[Crawled caption data]

********

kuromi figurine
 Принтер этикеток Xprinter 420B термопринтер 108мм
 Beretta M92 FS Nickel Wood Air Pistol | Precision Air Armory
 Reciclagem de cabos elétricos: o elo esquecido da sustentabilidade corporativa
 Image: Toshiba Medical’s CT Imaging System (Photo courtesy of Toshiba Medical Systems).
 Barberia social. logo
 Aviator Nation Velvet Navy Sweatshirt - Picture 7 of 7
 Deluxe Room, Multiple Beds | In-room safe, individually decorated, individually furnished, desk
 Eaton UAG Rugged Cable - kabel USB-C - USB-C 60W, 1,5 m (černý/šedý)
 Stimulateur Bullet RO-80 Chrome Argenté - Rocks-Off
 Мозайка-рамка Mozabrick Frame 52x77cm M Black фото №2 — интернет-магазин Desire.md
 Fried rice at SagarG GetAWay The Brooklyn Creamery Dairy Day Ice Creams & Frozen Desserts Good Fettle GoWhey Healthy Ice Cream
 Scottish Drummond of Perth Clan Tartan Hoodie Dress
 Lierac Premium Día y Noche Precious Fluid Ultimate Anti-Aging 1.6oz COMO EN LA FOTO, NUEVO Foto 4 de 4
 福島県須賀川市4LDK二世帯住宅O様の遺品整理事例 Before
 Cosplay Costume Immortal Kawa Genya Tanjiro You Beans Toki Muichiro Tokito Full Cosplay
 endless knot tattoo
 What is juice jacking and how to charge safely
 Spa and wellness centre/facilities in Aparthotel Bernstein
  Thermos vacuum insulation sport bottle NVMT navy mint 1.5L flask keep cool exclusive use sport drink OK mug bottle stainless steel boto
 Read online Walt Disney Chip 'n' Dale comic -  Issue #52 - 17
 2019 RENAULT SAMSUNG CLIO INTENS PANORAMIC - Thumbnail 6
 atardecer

********

WORK REQUIRED – Whatever lines appear above, reproduce every one of them exactly.

ANSWER –
kuromi figurine
 Принтер этикеток Xprinter 420B термопринтер 108мм
 Beretta M92 FS Nickel Wood Air Pistol | Precision Air Armory
 Reciclagem de cabos elétricos: o elo esquecido da sustentabilidade corporativa
 Image: Toshiba Medical’s CT Imaging System (Photo courtesy of Toshiba Medical Systems).
 Barberia social. logo
 Aviator Nation Velvet Navy Sweatshirt - Picture 7 of 7
 Deluxe Room, Multiple Beds | In-room safe, individually decorated, individually furnished, desk
 Eaton UAG Rugged Cable - kabel USB-C - USB-C 60W, 1,5 m (černý/šedý)
 Stimulateur Bullet RO-80 Chrome Argenté - Rocks-Off
 Мозайка-рамка Mozabrick Frame 52x77cm M Black фото №2 — интернет-магазин Desire.md
 Fried rice at SagarG GetAWay The Brooklyn Creamery Dairy Day Ice Creams & Frozen Desserts Good Fettle GoWhey Healthy Ice Cream
 Scottish Drummond of Perth Clan Tartan Hoodie Dress
 Lierac Premium Día y Noche Precious Fluid Ultimate Anti-Aging 1.6oz COMO EN LA FOTO, NUEVO Foto 4 de 4
 福島県須賀川市4LDK二世帯住宅O様の遺品整理事例 Before
 Cosplay Costume Immortal Kawa Genya Tanjiro You Beans Toki Muichiro Tokito Full Cosplay
 endless knot tattoo
 What is juice jacking and how to charge safely
 Spa and wellness centre/facilities in Aparthotel Bernstein
  Thermos vacuum insulation sport bottle NVMT navy mint 1.5L flask keep cool exclusive use sport drink OK mug bottle stainless steel boto
 Read online Walt Disney Chip 'n' Dale comic -  Issue #52 - 17
 2019 RENAULT SAMSUNG CLIO INTENS PANORAMIC - Thumbnail 6
 atardecer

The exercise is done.